Photopolymerization and reaction sintering enabled generative shaping and material-forming of complex ceramic structures with high performance

This study presents a novel combined generative shaping and material-forming (GSM) approach for preparing tritium breeder units for fusion reactors using 3D printing technology. For the first time, defect-free lithium-rich Li4SiO4 porous structures were successfully prepared by combining photopolymerization and reaction sintering processes based on the use of low-cost Li2CO3 and SiO2 ceramic powders. Investigation was conducted on the preparation of the ceramic powder-based mixture slurry as well as the photopolymerization 3D printing and reaction sintering processes. Li4SiO4-based porous lattice ceramics with high purity, no obvious defects, and adjustable packing fraction were fabricated. The mechanical properties of the samples prepared with different packing fractions were then evaluated. The prepared samples showed better mechanical properties than the pebble bed structures with similar packing fractions.

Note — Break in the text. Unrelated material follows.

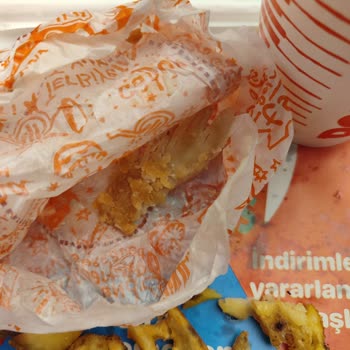 Popeyes'te Sağlıksız Ve Pişmemiş Ürünler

At a packing fraction of 92.10%, the crushing strength and elastic modulus reached 186.49 ± 0.04 MPa and 16.47 ± 0.03 GPa, respectively. These results show that the combination of photopolymerization 3D printing and reaction sintering processes based on the use of low-cost ceramic powders has significant advantages in terms of flexibility and efficiency in structure design and fabrication and cost-effectiveness in material forming with enhanced performance, providing a promising route to produce high-performance tritium breeder structures for fusion technologies. In particular, the present combined method also paves a promising generalized way to enable effective generative structure-shaping and material-forming in the advanced ceramic manufacturing industry, not to mention that the preparation of high-performance Li4SiO4 tritium breeder units for fusion technologies.